Menurut Wahyuni et al. (2006), di wilayah Bogor, teridentifikasi 63% kejadian mastitis subklinis disebabkan oleh Streptococcus agalactiae. Kejadian yang tinggi ini terjadi karena Streptococcus agalactiae mempunyai kemampuan adesi yang kuat pada reseptor spesifik sel inang. Bakteri ini diwaspadai keberadaannya dalam susu sapi karena merupakan bakteri yang tahan temperatur tinggi, selain itu bakteri ini dapat memproduksi kapsul polisakarida untuk mencegah fagositosis. Bakteri ini dapat mempengaruhi kesehatan manusia yang meminum susu tercemar dan tidak diolah dengan baik.

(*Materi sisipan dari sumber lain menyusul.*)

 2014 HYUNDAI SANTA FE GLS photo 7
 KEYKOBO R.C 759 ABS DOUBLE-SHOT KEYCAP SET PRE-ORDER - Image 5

Bahaya Streptococcus agalactiae terhadap Kesehatan Mayarakat

Streptococcus agalactiae dan Staphylococcus aureus adalah dua bakteri utama penyebab mastitis (Songer & Post 2005; Wahyuni et al. 2006). Sampel yang diambil dari kabupaten Bogor menunjukkan bahwa, sebanyak 35 (63.6%) isolat Streptococcus agalactiae didapatkan dari 75 sampel positif mastitis subklinis yang diperiksa (Wahyuni et al. 2006).

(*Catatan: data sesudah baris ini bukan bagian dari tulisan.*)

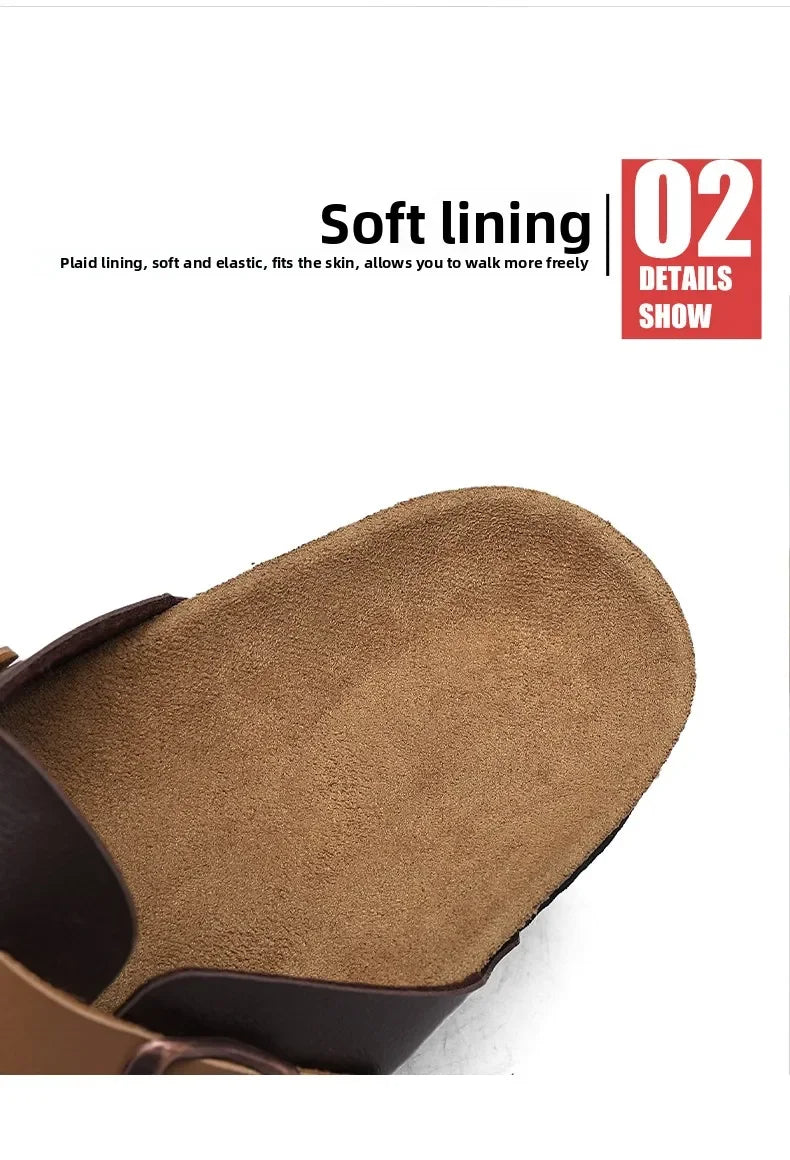 Fashion designer sandals for men-High quality beach shoes comfy non-slip slides luxury slippers free shipping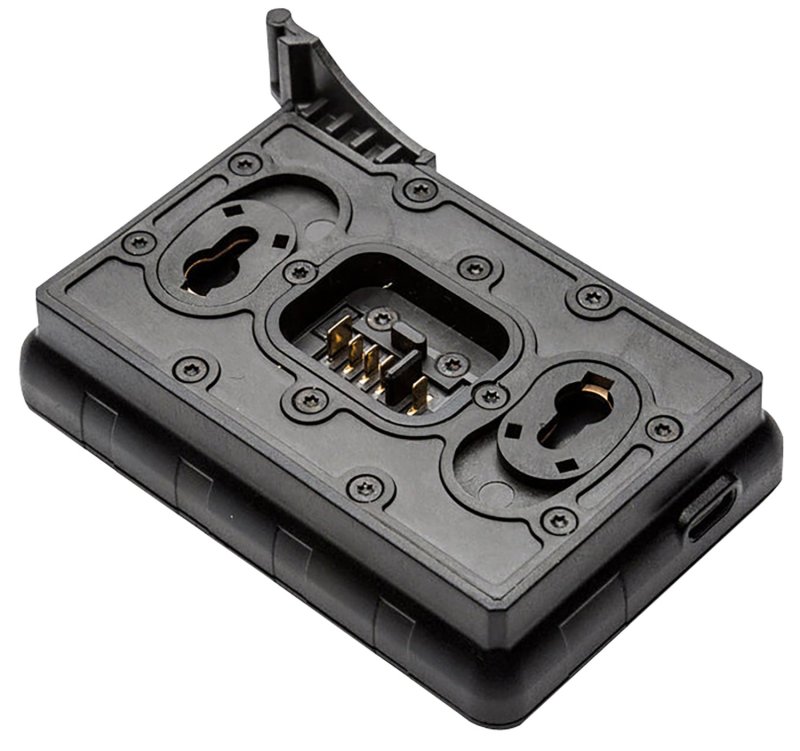 Pulsar IPS Battery Charger Black Compact Lightweight Portable Fast-Charge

Utama et al. (2000) menyatakan bahwa sebagian besar isolat lapang

Streptococcus agalactiae yang diuji memiliki aktivitas hemaglutinasi pada eritrosit sapi dan ayam, serta sebagian kecil pada eritrosit manusia. Hal ini menunjukkan bahwa Streptococcus agalactiae kemungkinan dapat menginfeksi manusia secara sistemik. Bakteri ini merupakan penyebab penting infeksi

postpartus dan infeksi neonatal pada manusia. Infeksi postpartus yang sering terjadi adalah endometritis dan infeksi neonatus berupa pneumonia, sepsis dan meningitis (Jawetz 1986; Songer & Post 2005; Lukman et al. 2009).

Streptococcus agalactiae juga dapat menyebabkan demam Scarlet atau Scarlatina. Penyakit ini menyerang anak berusia 5-15 tahun dan dapat menimbulkan komplikasi pada hati dan ginjal. Demam Scarlet dipicu oleh bakteri

Streptococcus yang mengeluarkan eksotoksin. Eksotoksin inilah yang menyebabkan demam (Songer & Post2005).

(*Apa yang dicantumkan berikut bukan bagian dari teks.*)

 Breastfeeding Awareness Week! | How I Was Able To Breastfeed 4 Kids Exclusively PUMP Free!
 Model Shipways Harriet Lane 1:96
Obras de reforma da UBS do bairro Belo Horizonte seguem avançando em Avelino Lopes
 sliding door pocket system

Pengobatan Mastitis Subklinis di Peternakan Sapi Perah

Antibiotik yang baik adalah antibiotik yang mudah larut dalam cairan tubuh, memiliki toksisitas selektif, sulit terjadi resisten oleh mikroba, non alergenik, stabil konsentrasinya baik sebelum digunakan maupun di dalam tubuh, tidak mudah terjadi toksik, serta bekerja dalam waktu yang lama di dalam tubuh (Black 2005).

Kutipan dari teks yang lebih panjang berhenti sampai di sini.